_Input data_.
------------------------------------------------------------

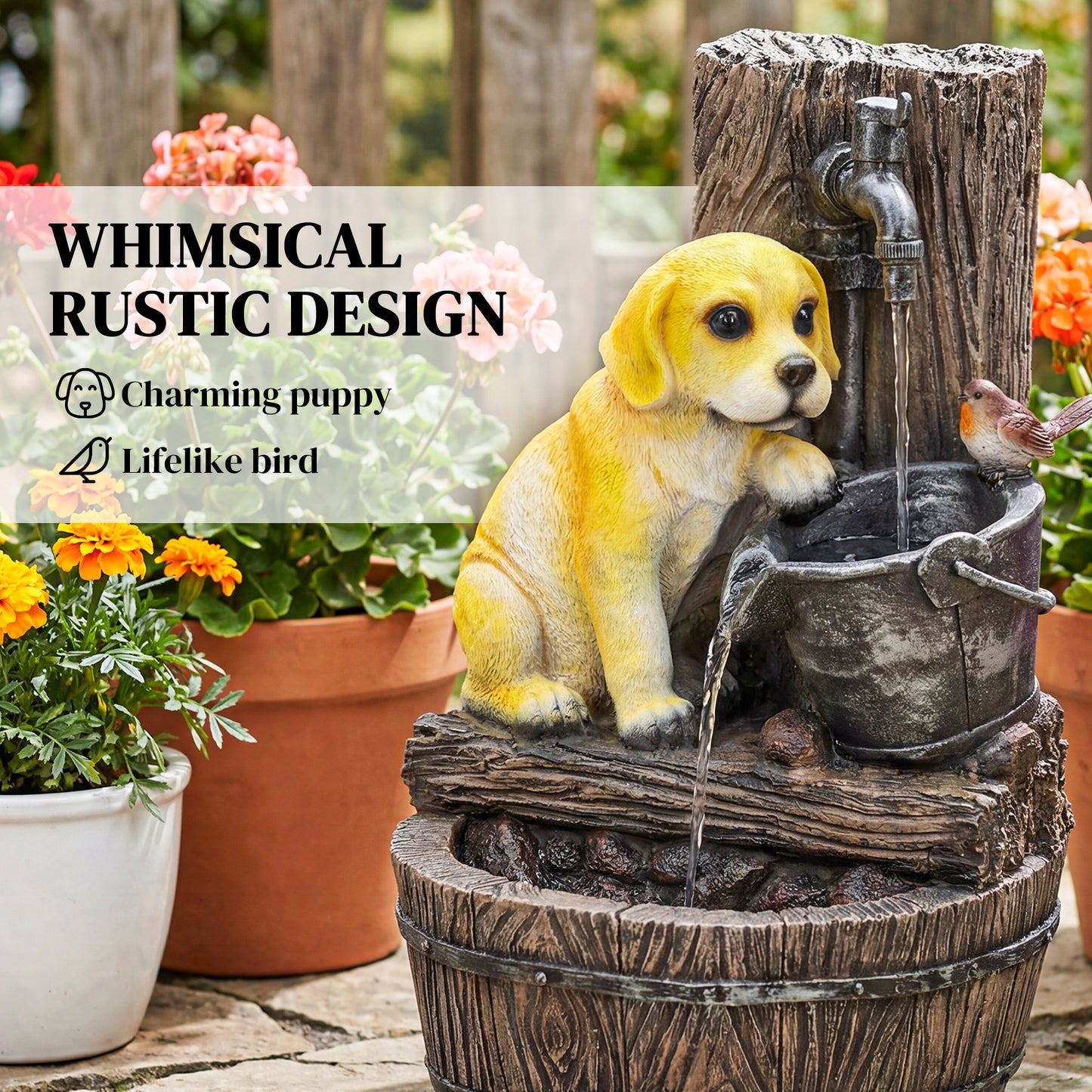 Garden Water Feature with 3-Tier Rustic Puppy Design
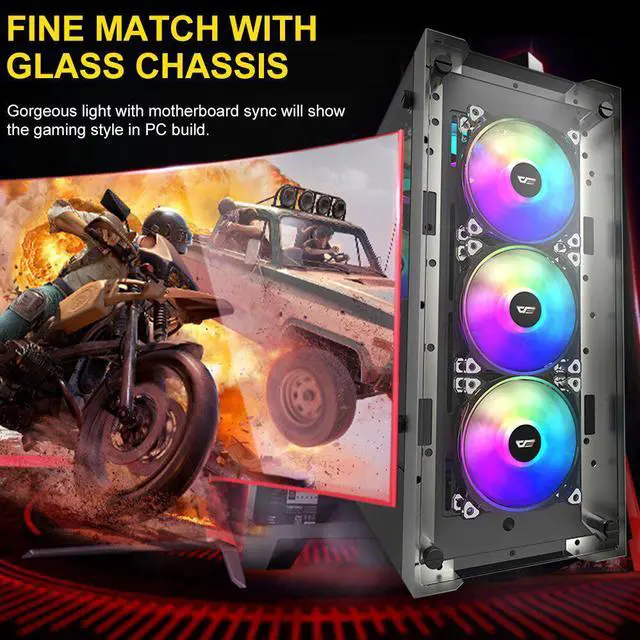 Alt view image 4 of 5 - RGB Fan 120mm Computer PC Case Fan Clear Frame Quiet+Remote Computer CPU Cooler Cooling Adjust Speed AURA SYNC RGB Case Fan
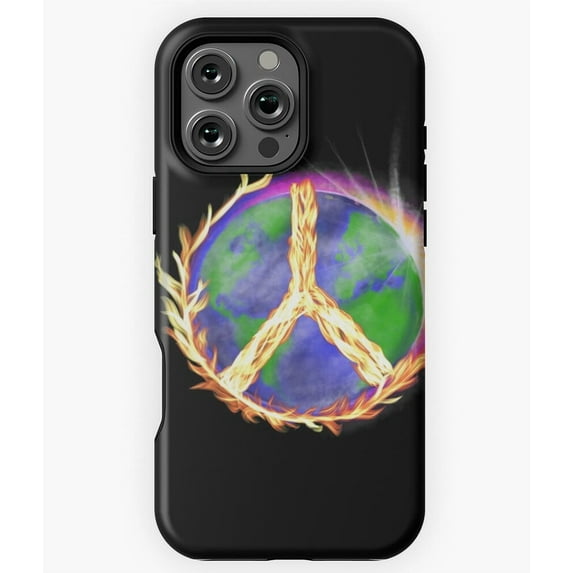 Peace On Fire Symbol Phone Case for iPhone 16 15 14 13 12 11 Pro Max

------------------------------------------------------------

_Exercise_.
Write out the data above in full and exactly, but without the pictures.

_Response to the exercise_.
 Garden Water Feature with 3-Tier Rustic Puppy Design
 Alt view image 4 of 5 - RGB Fan 120mm Computer PC Case Fan Clear Frame Quiet+Remote Computer CPU Cooler Cooling Adjust Speed AURA SYNC RGB Case Fan
 Peace On Fire Symbol Phone Case for iPhone 16 15 14 13 12 11 Pro Max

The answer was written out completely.